En 2023, 226 cyclistes ont été tués sur les routes de France, soit 18 % de plus qu’en 2019. Le chiffre augmente moins vite que la pratique du vélo, elle aussi en hausse, mais ce bilan est encore insatisfaisant , estime Camille Thomé.
Voies cyclables partagées avec les bus, pistes qui s’arrêtent brutalement ou intersections dangereuses : pour certaines associations, ce sont d’abord les infrastructures qui manquent.
Ces dernières années, on a progressé, notamment à Paris, mais on reste très loin du compte , estime Olivier Schneider, de la Fédération française des usagers de la bicyclette.
Des chantiers coûteux
Dans la capitale, même des aménagements récents ne sont pas toujours bien pensés , déplore la cheffe de l’opposition MoDem au Conseil de Paris, Maud Gatel.

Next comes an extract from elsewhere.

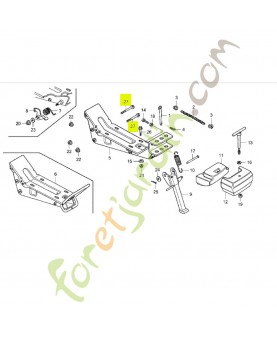 Boulon de bride 10x60 Honda 958011006000
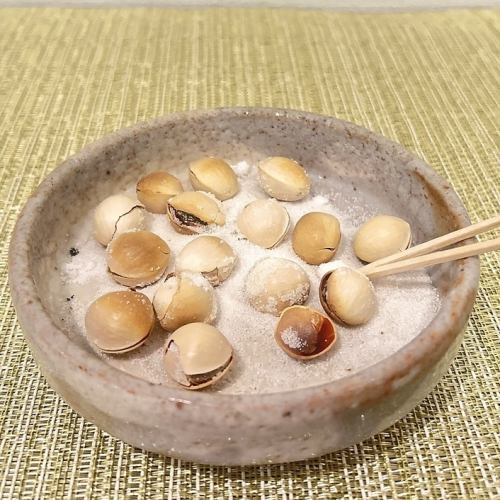 乾煎り 銀杏塩炙り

Les chantiers sont longs et coûteux : la mairie prévoit d’investir 250 millions d’euros en cinq ans, pour atteindre 430 kilomètres de pistes protégées dans la capitale d’ici 2026.
Malgré ces efforts, l’adjoint en charge des transports David Belliard reconnaît que certaines infrastructures livrées il y a quatre ou cinq ans ne sont plus dimensionnées, victimes de leur succès .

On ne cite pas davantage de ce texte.